Ideas are valuable. Sure, ideas without execution are worth nothing. But a good idea is at the core of most successful projects. As an engineer working in advanced technology groups our whole business rested on the quality of our ideas. So, that’s why it’s so important to me that we establish an Idea Engine — a practice of generating ideas every day (I described that in this article here: The Idea Engine).
In this article we’re going to super-charge that practice with four top-notch idea generation strategies. These are useful for both your daily idea generation practice as well as for those situations where you need ideas on demand or are facing complex challenges where you need a breakthrough. The four strategies:
Change your brain state
Identify the problem (the real problem)
Constraints
Go where the ideas are
These aren't just theoretical concepts — they're the actual techniques used by prolific inventors, entrepreneurs, and innovators. Let's dig in...
Strategy 1: Change Your Brain State
Thomas Edison — one of the O.G. inventors — had this crazy trick: he’d nap in a chair holding a few steel ball bearings in his hand with a metal pan below. Just as he was drifting off to sleep, his fingers would relax dropping the bearings — BANG! — jolting him awake. In this semi-awake semi-asleep state Edison would write down whatever idea was on his mind. He was generally obsessing over a problem so often those ideas were just what he was looking for.
Edison was hacking his brain’t hypnagogic state. That sweet spot where the brain is starting to release itself — where barriers between different parts of the brain start coming down. Edison was catching his brain right at that moment — conscious enough to remember the ideas but loose enough to make new connections. Just enough for genius to slip through. (Maybe check with your downstairs neighbor before you make this practice part of your daily routine).

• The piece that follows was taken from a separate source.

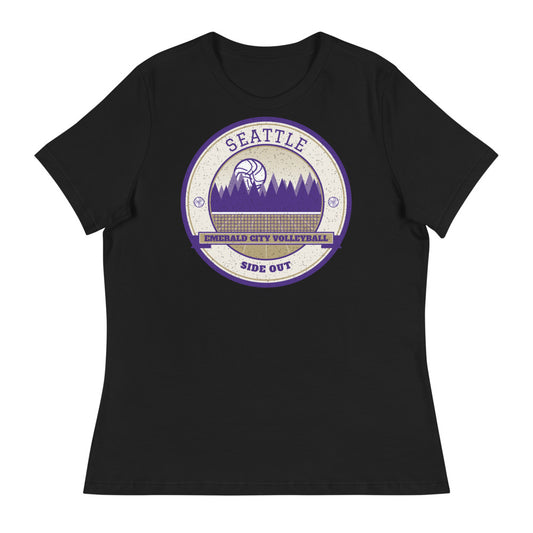 Seattle Emerald City Volleyball Women's Tee in black, front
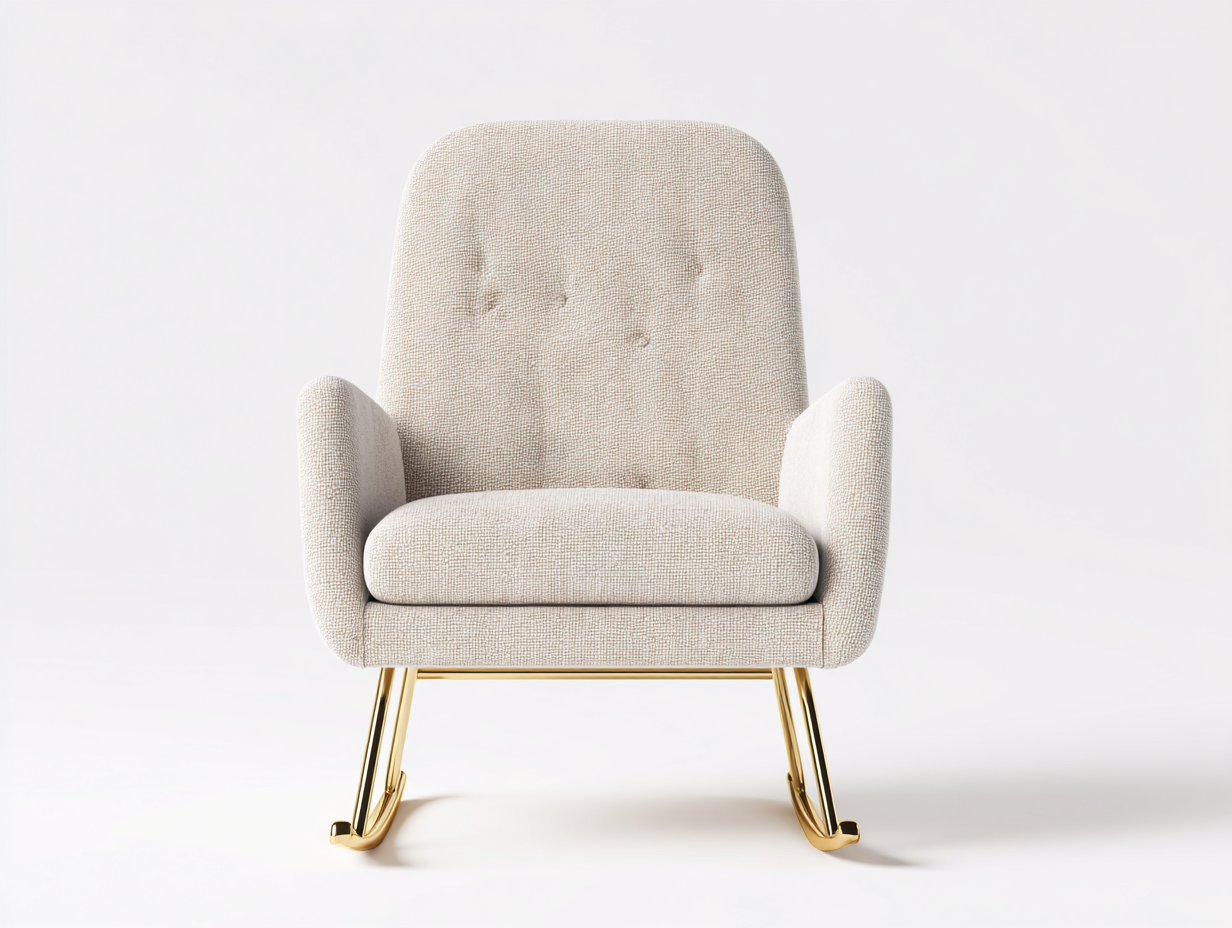 Rocking Chair Upholstered Fabric Metal Frame 80x75x95 cm - Beige - Modern Living Room Design-Sofauphut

Josh Waitzkin has a similar trick. Josh, if you don’t know him, is one of the few people I can think of who has hit world-class levels in not one, not two, but three things — he’s an eight-time U.S. national chess champion, a two-time Tai Chi Chuan Push Hands world champion and a Brazilian Jiu Jitsu Black Belt (street cred off the charts, right?). Josh has a practice that takes advantage of these different brain states. He ends his work day thinking about his most important question. Getting really deeply immersed in it. Then he completely releases himself from it. Chills all evening. Gets a good sleep. Then first thing in the morning — “pre-input” as Josh calls it — he gets out his journal and starts brainstorming and writing about the problem…often big insights occur. His subconscious has been churning away all night, and in that early morning state he can grab those insights before his normal thinking patterns kick in. Josh describes it as “systematically opening the channel between the conscious and the unconscious mind.”